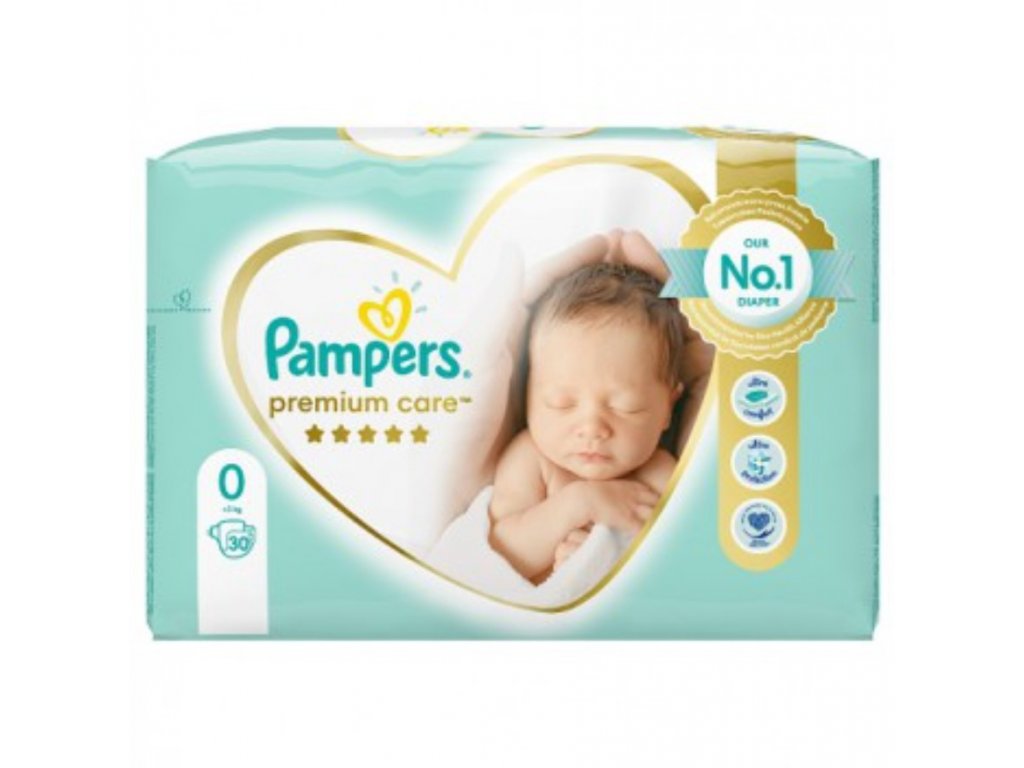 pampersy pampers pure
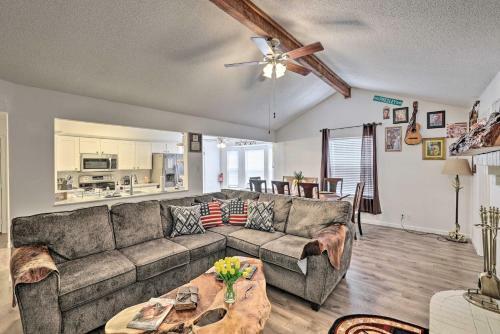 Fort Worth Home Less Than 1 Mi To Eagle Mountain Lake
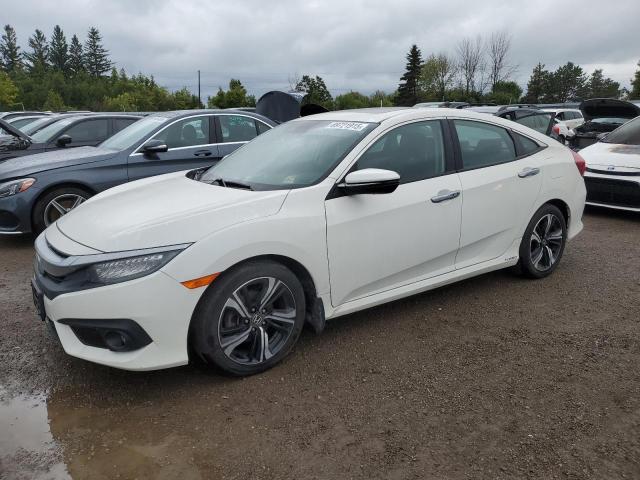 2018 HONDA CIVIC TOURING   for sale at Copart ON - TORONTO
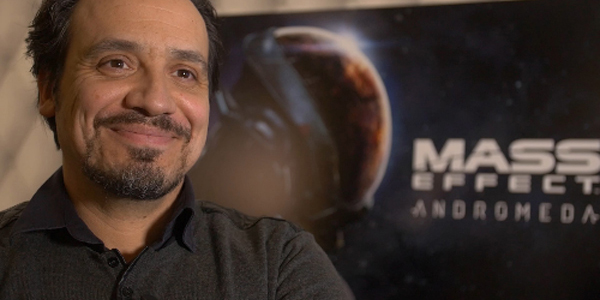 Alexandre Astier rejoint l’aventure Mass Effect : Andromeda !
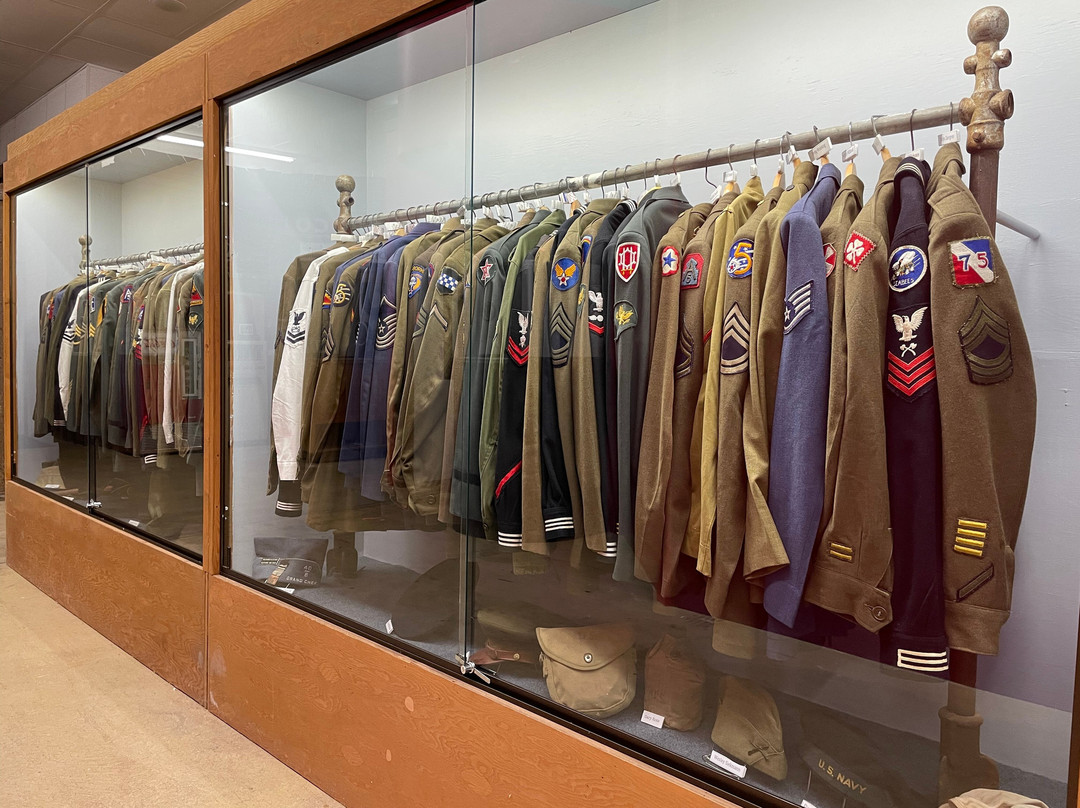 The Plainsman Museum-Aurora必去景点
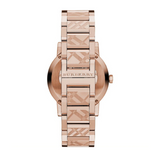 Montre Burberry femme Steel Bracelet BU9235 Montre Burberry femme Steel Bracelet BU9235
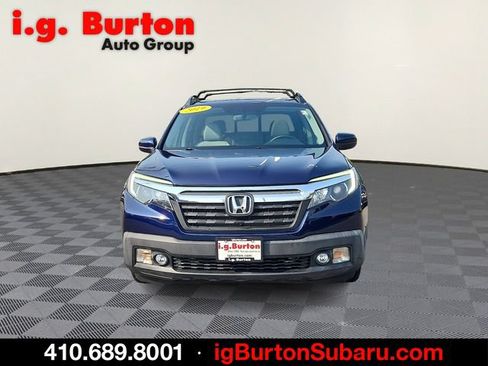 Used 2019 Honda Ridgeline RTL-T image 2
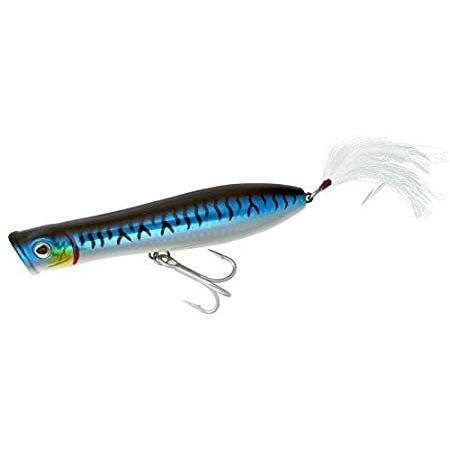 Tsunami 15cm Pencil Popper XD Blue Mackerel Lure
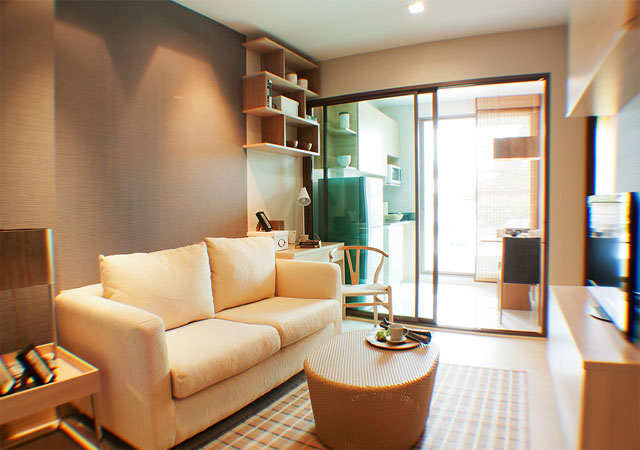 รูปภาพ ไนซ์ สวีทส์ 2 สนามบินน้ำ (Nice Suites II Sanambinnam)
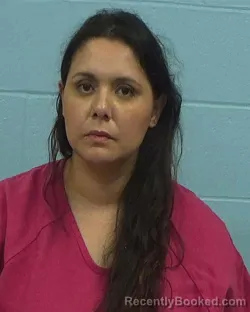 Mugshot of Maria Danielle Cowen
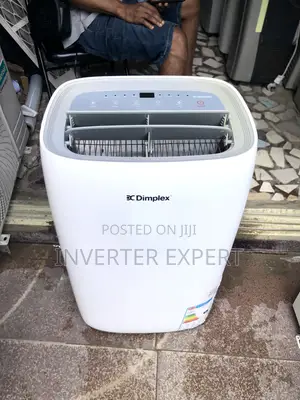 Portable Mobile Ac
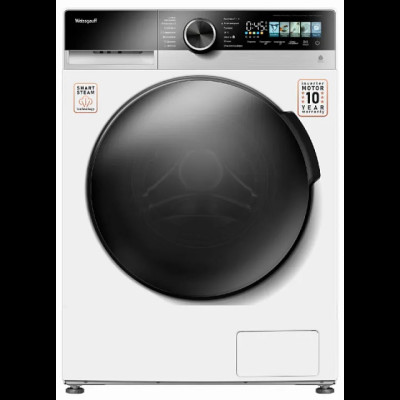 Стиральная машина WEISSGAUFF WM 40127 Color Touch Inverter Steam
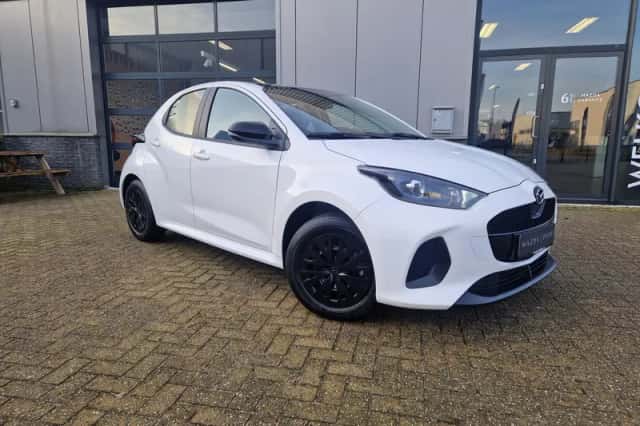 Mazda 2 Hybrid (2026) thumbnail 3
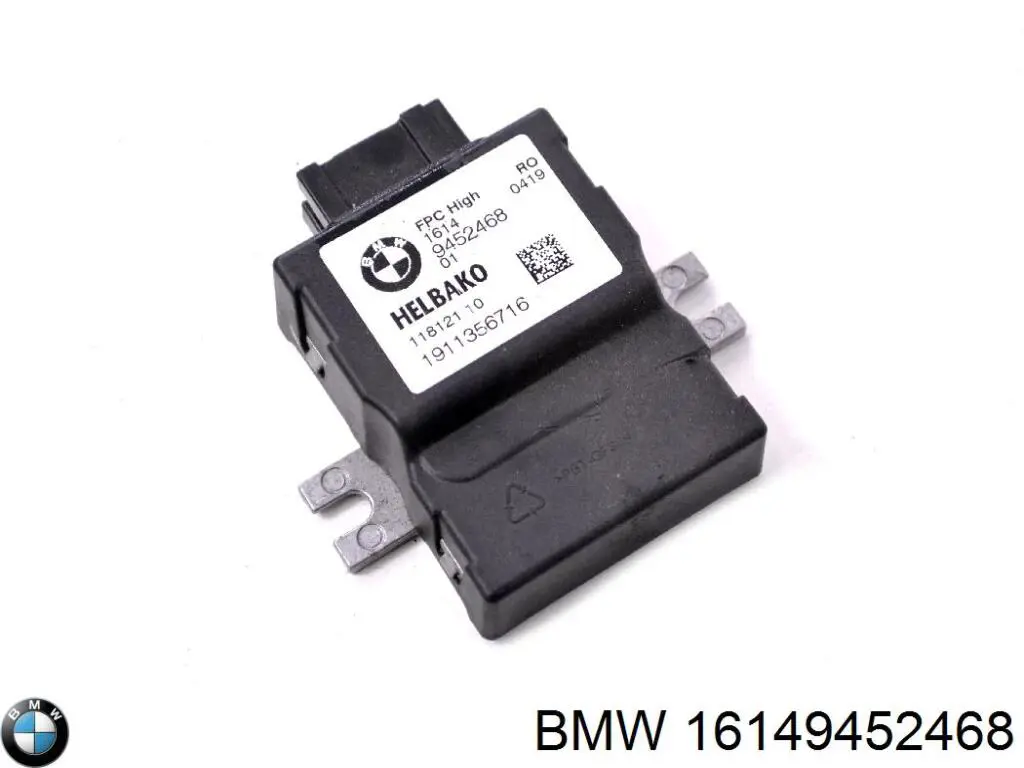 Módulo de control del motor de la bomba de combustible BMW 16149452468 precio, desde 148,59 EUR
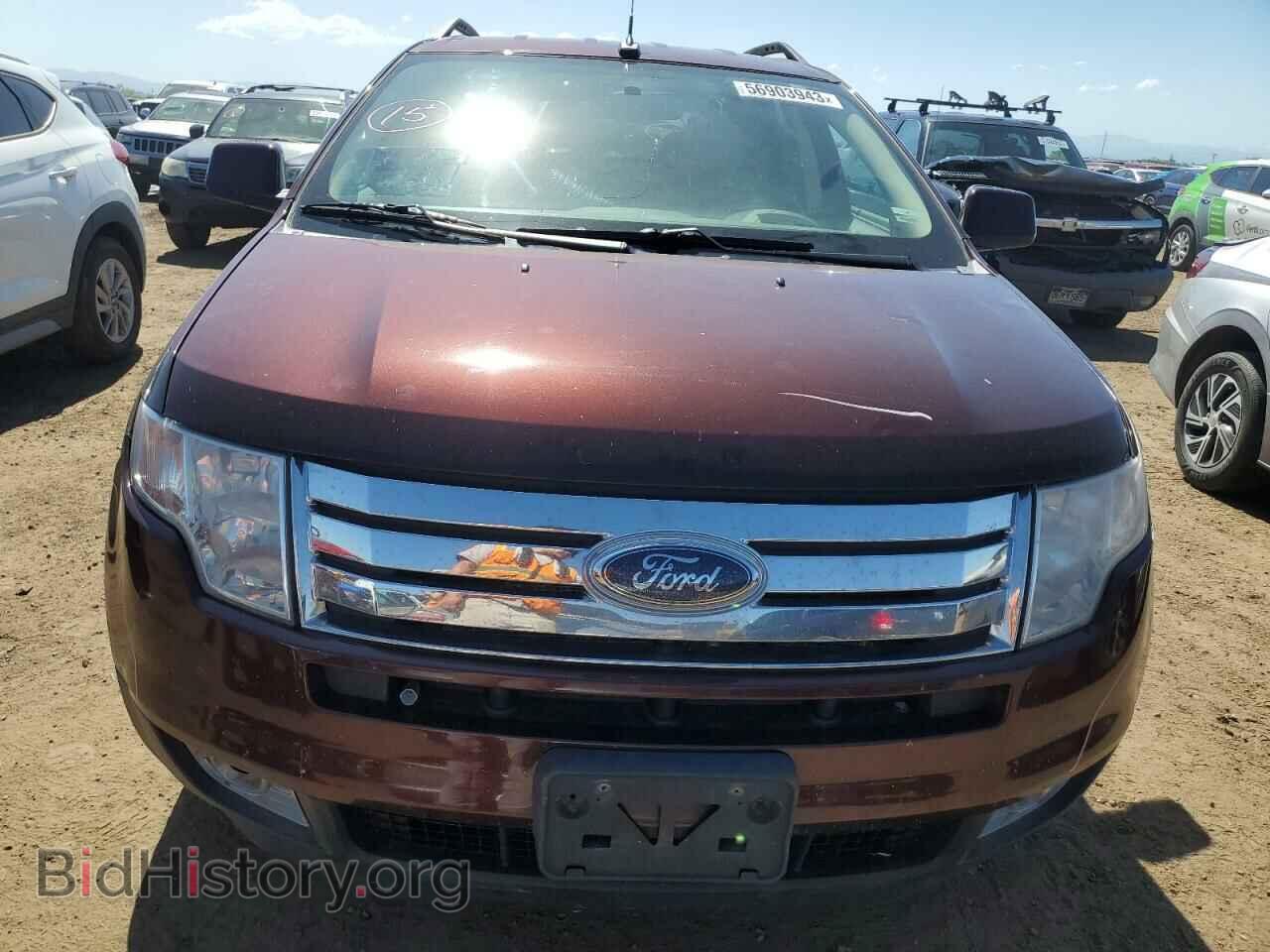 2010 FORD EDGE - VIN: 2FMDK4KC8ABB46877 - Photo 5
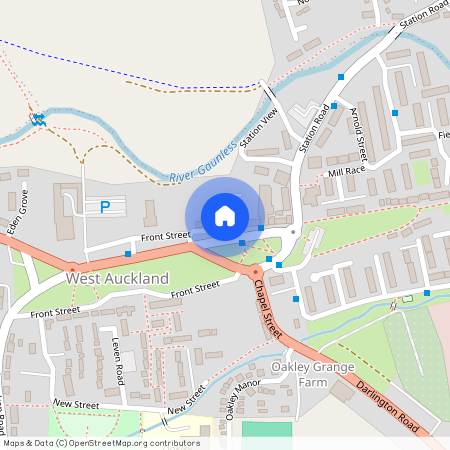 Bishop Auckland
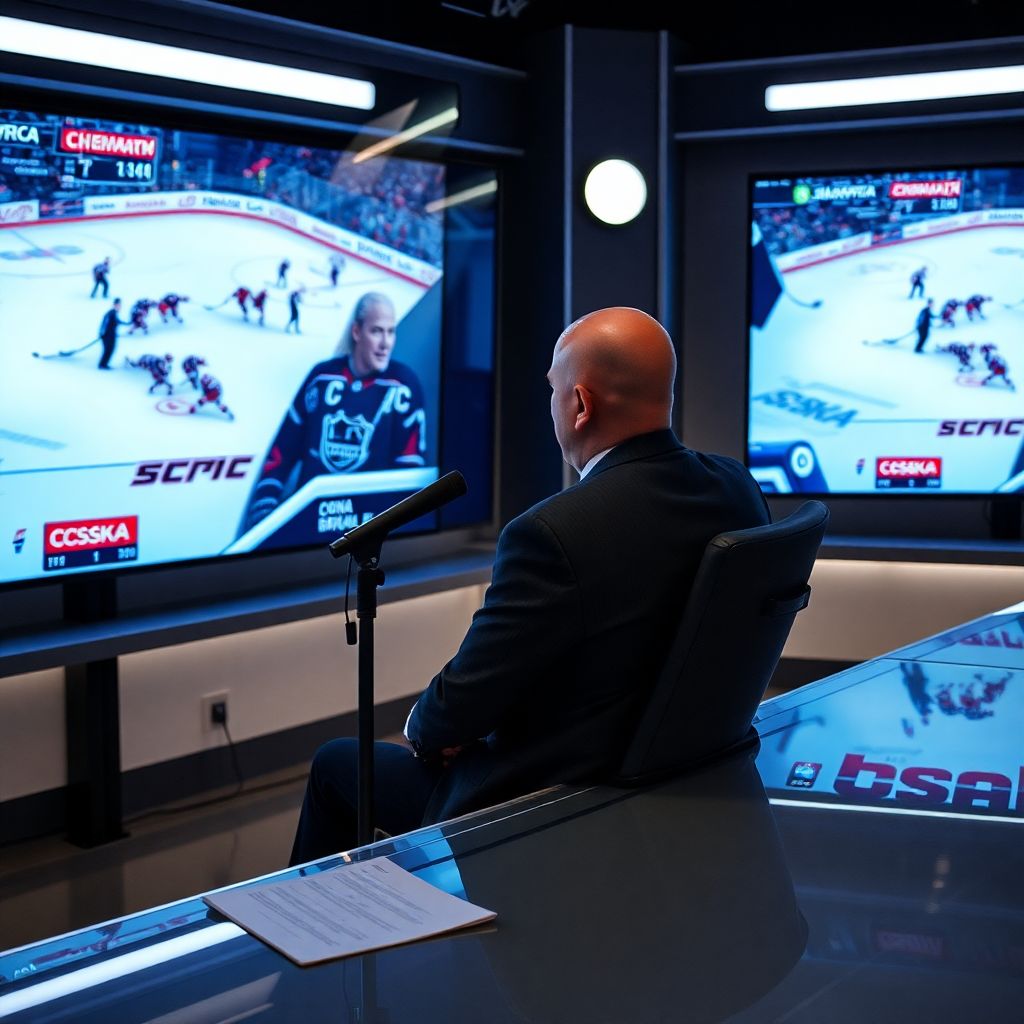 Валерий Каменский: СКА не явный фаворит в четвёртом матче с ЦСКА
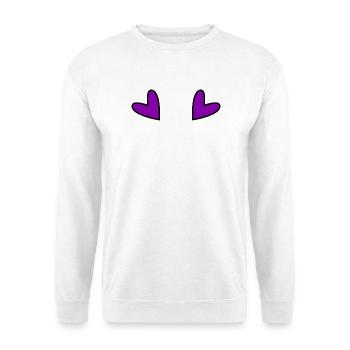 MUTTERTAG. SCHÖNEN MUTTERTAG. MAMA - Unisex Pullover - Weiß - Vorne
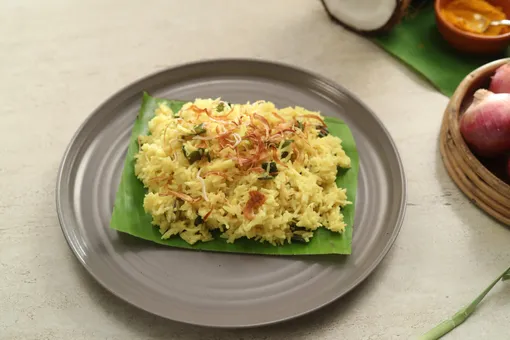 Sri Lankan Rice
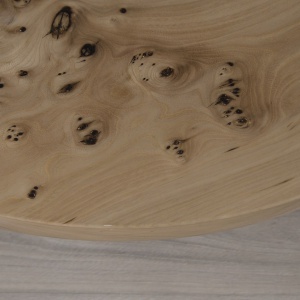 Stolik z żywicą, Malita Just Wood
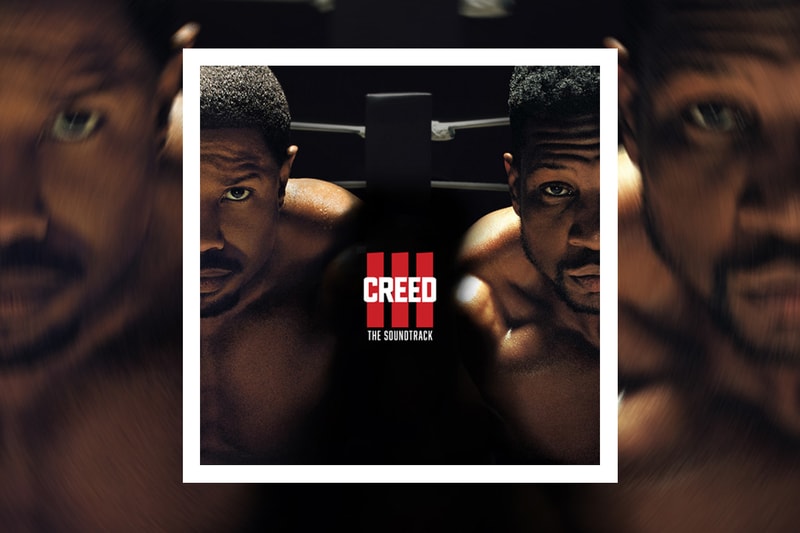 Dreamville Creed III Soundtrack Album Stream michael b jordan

++++++++

• What the exercise asks:
Print the data above exactly, minus pictures.

• Problem solution:
 pampersy pampers pure
 Fort Worth Home Less Than 1 Mi To Eagle Mountain Lake
 2018 HONDA CIVIC TOURING   for sale at Copart ON - TORONTO
 Alexandre Astier rejoint l’aventure Mass Effect : Andromeda !
 The Plainsman Museum-Aurora必去景点
 Montre Burberry femme Steel Bracelet BU9235 Montre Burberry femme Steel Bracelet BU9235
 Used 2019 Honda Ridgeline RTL-T image 2
 Tsunami 15cm Pencil Popper XD Blue Mackerel Lure
 รูปภาพ ไนซ์ สวีทส์ 2 สนามบินน้ำ (Nice Suites II Sanambinnam)
 Mugshot of Maria Danielle Cowen
 Portable Mobile Ac
 Стиральная машина WEISSGAUFF WM 40127 Color Touch Inverter Steam
 Mazda 2 Hybrid (2026) thumbnail 3
 Módulo de control del motor de la bomba de combustible BMW 16149452468 precio, desde 148,59 EUR
 2010 FORD EDGE - VIN: 2FMDK4KC8ABB46877 - Photo 5
 Bishop Auckland
 Валерий Каменский: СКА не явный фаворит в четвёртом матче с ЦСКА
 MUTTERTAG. SCHÖNEN MUTTERTAG. MAMA - Unisex Pullover - Weiß - Vorne
 Sri Lankan Rice
 Stolik z żywicą, Malita Just Wood
 Dreamville Creed III Soundtrack Album Stream michael b jordan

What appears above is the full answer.